* Your task *
Would you transcribe the lines running from the one that holds "Paris Cookies, Madeline" to the last line of the records? Leave every picture out.

##### Extracted information

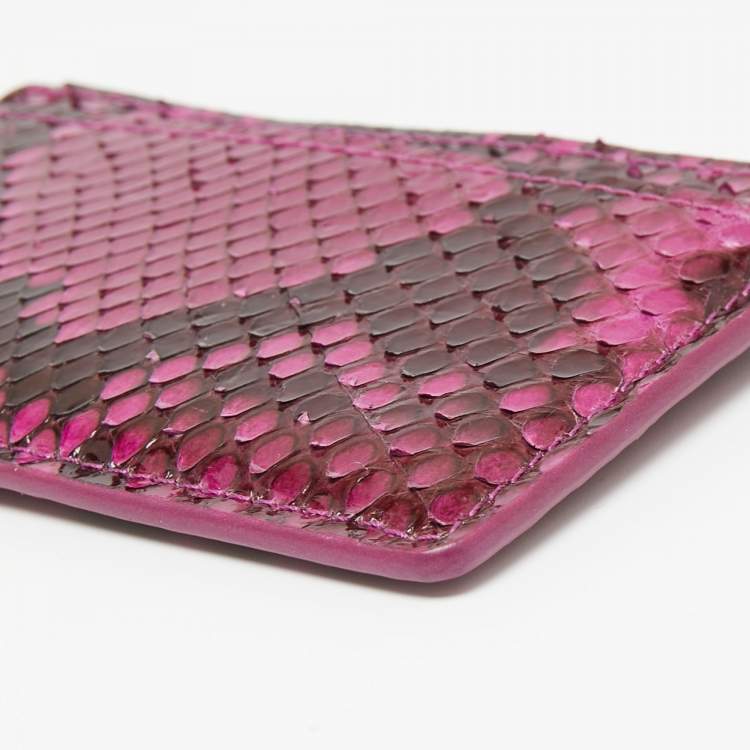 Pre Owned Louis Vuitton Purple/Brown Python Card Holder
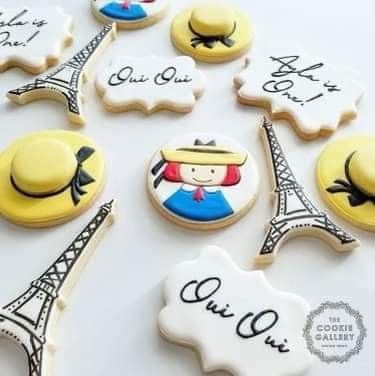 Paris Cookies, Madeline Cookies, Cartoon Cookie, Paris Birthday, Third Birthday Party, 2nd Birthday Party Themes, Birthday Party Theme Decorations, Paris Party, Instagram Happy Birthday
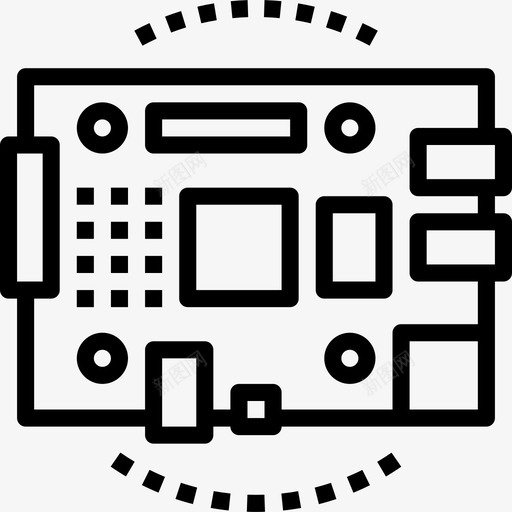 主板机器人18线性图标svg_新图网 https://ixintu.com 主板 机器人18 线性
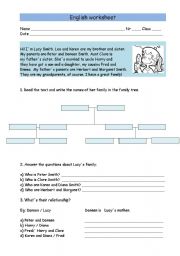 English Worksheet: Worksheet about family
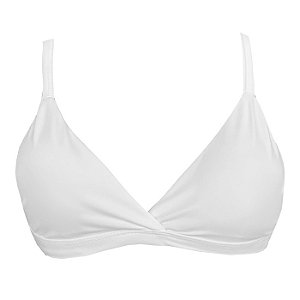 Top de Biquíni Triangulo Fixo Branco Liso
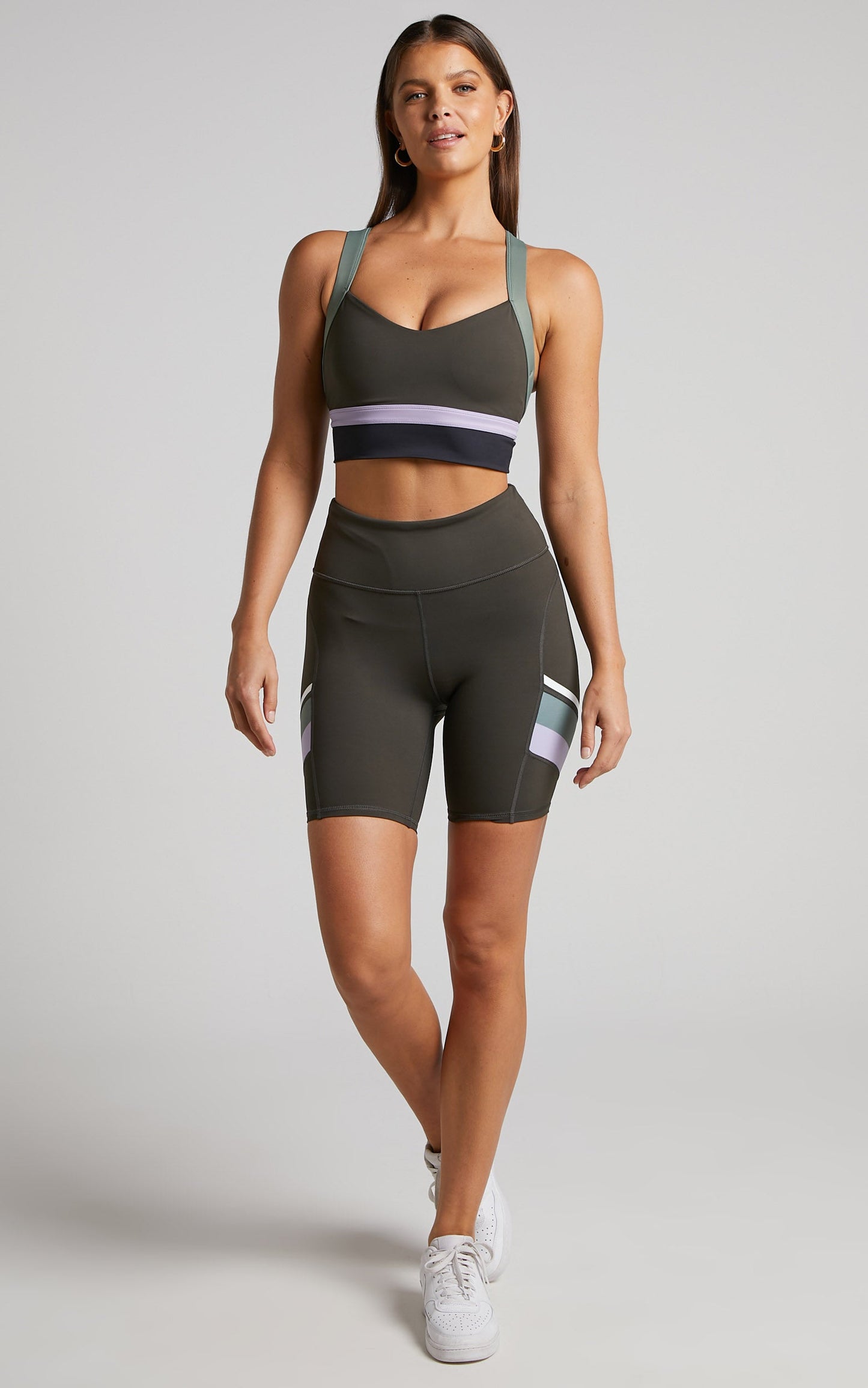 Lilybod - Tilly Bike Short in Black Olive, Soft Lilac, Lentil & Black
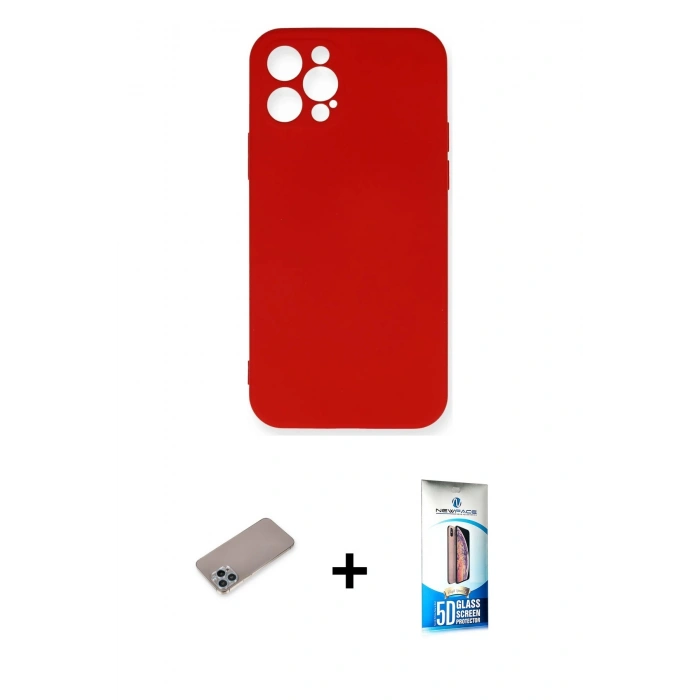 MARSİLYAN™- iPhone 12 Pro Max Kılıf Ahenk Serisi - Siyah 5D Eko Cam Ekran Koruyucu + Shine Kamera Lens Koruma Cam - SABE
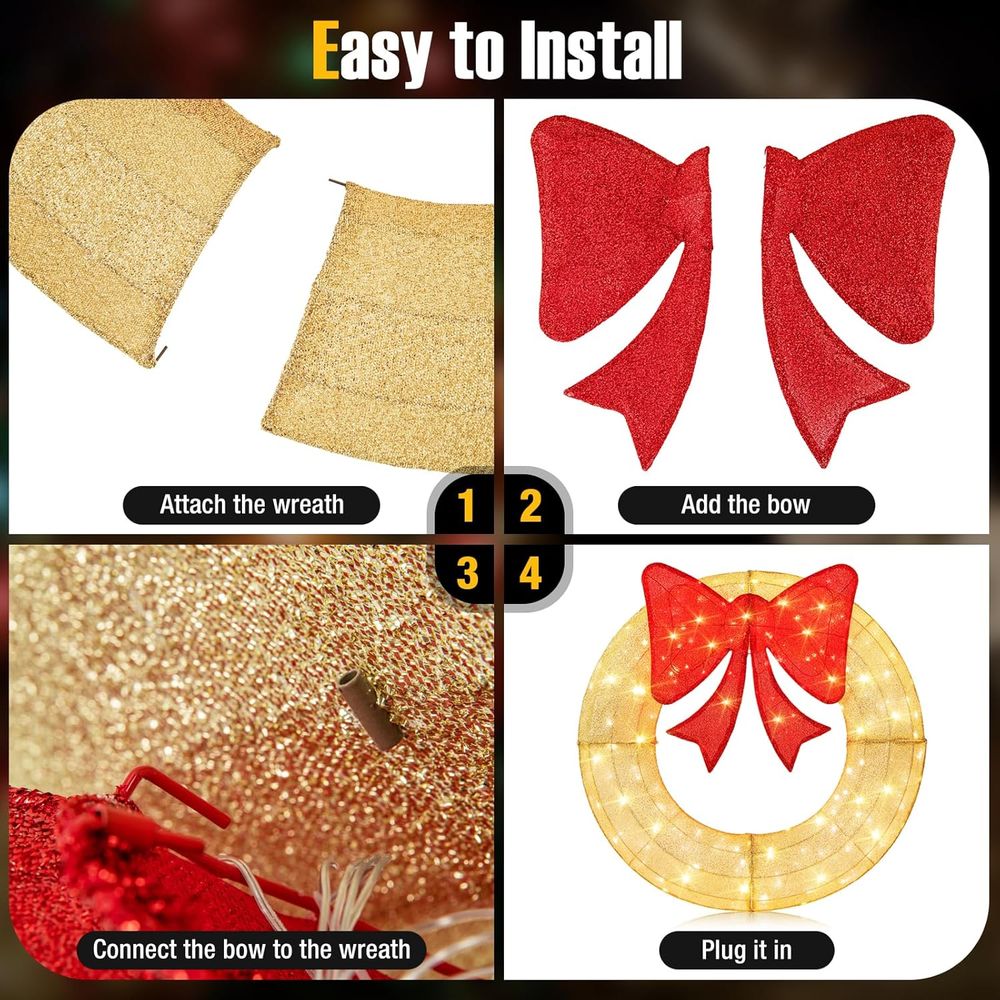 48 Inch Pre-Lit Christmas Wrea - Christmas Lights Outdoor 评论和价格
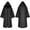 Black, variant on Medieval Hooded Cloak for Women, Zip-Up Halloween Costume with Cape Sleeves & Adjustable Neck Tie (1 PC) White XXL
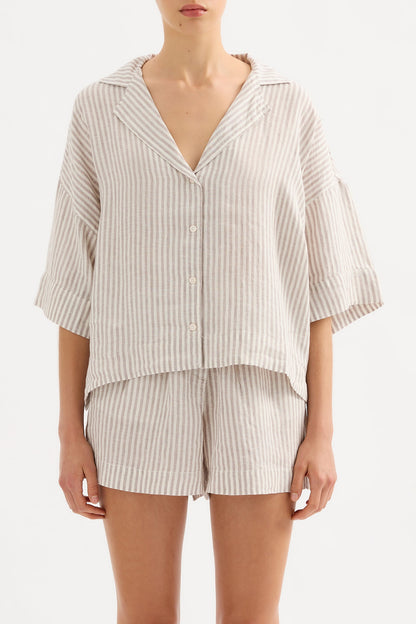 LOUNGE STRIPE LINEN SHIRT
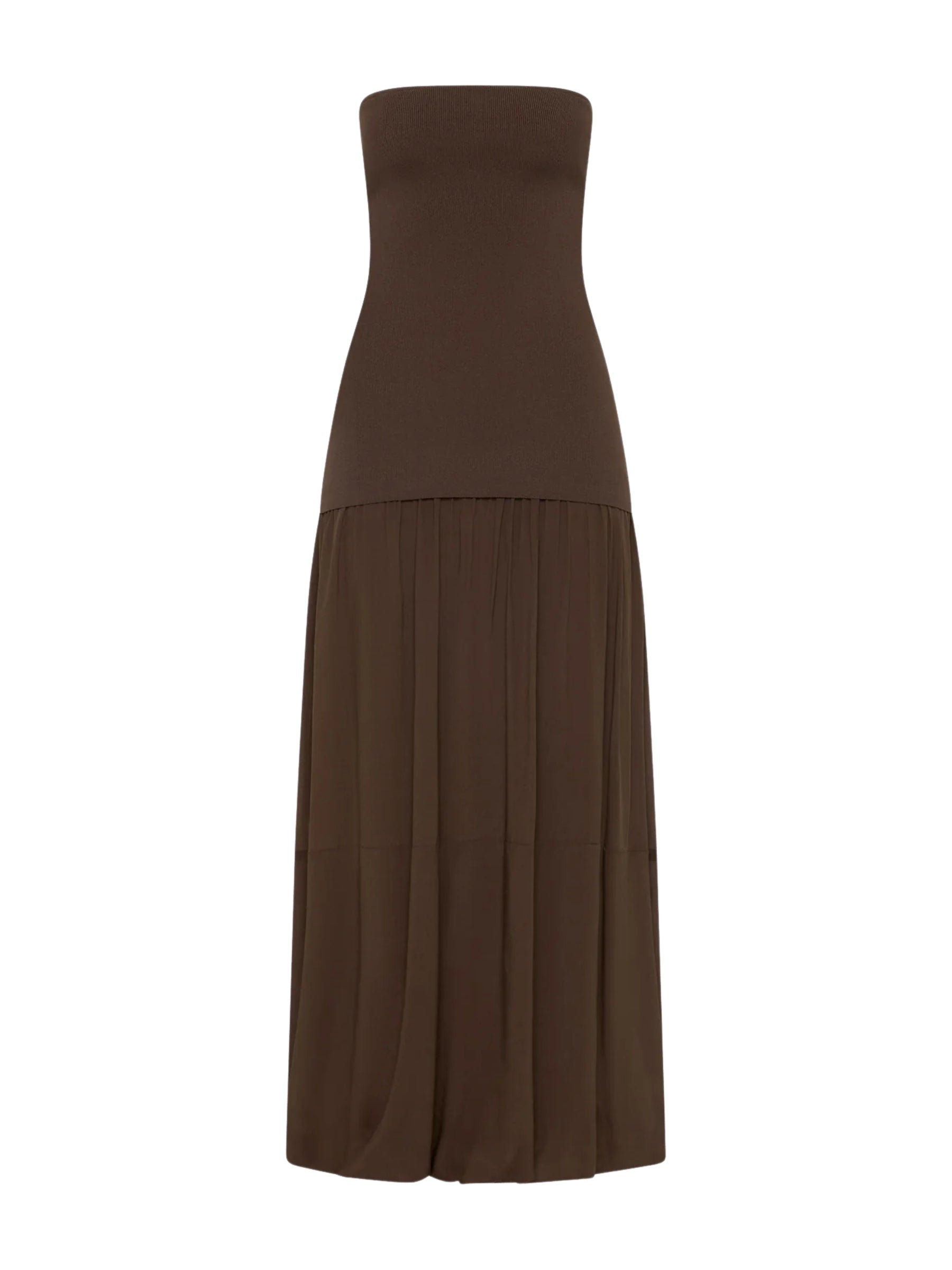 St. Agni Strapless Balloon Hem Brown Dress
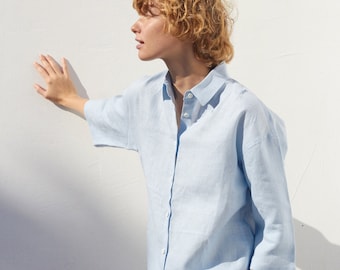 Linen Pajamas. Linen shirt. Linen shorts. Light blue.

##########

* Solved exercise *
 Paris Cookies, Madeline Cookies, Cartoon Cookie, Paris Birthday, Third Birthday Party, 2nd Birthday Party Themes, Birthday Party Theme Decorations, Paris Party, Instagram Happy Birthday
 主板机器人18线性图标svg_新图网 https://ixintu.com 主板 机器人18 线性
 English Worksheet: Worksheet about family
 Top de Biquíni Triangulo Fixo Branco Liso
 Lilybod - Tilly Bike Short in Black Olive, Soft Lilac, Lentil & Black
 MARSİLYAN™- iPhone 12 Pro Max Kılıf Ahenk Serisi - Siyah 5D Eko Cam Ekran Koruyucu + Shine Kamera Lens Koruma Cam - SABE
 48 Inch Pre-Lit Christmas Wrea - Christmas Lights Outdoor 评论和价格
 Black, variant on Medieval Hooded Cloak for Women, Zip-Up Halloween Costume with Cape Sleeves & Adjustable Neck Tie (1 PC) White XXL
 LOUNGE STRIPE LINEN SHIRT
 St. Agni Strapless Balloon Hem Brown Dress
 Linen Pajamas. Linen shirt. Linen shorts. Light blue.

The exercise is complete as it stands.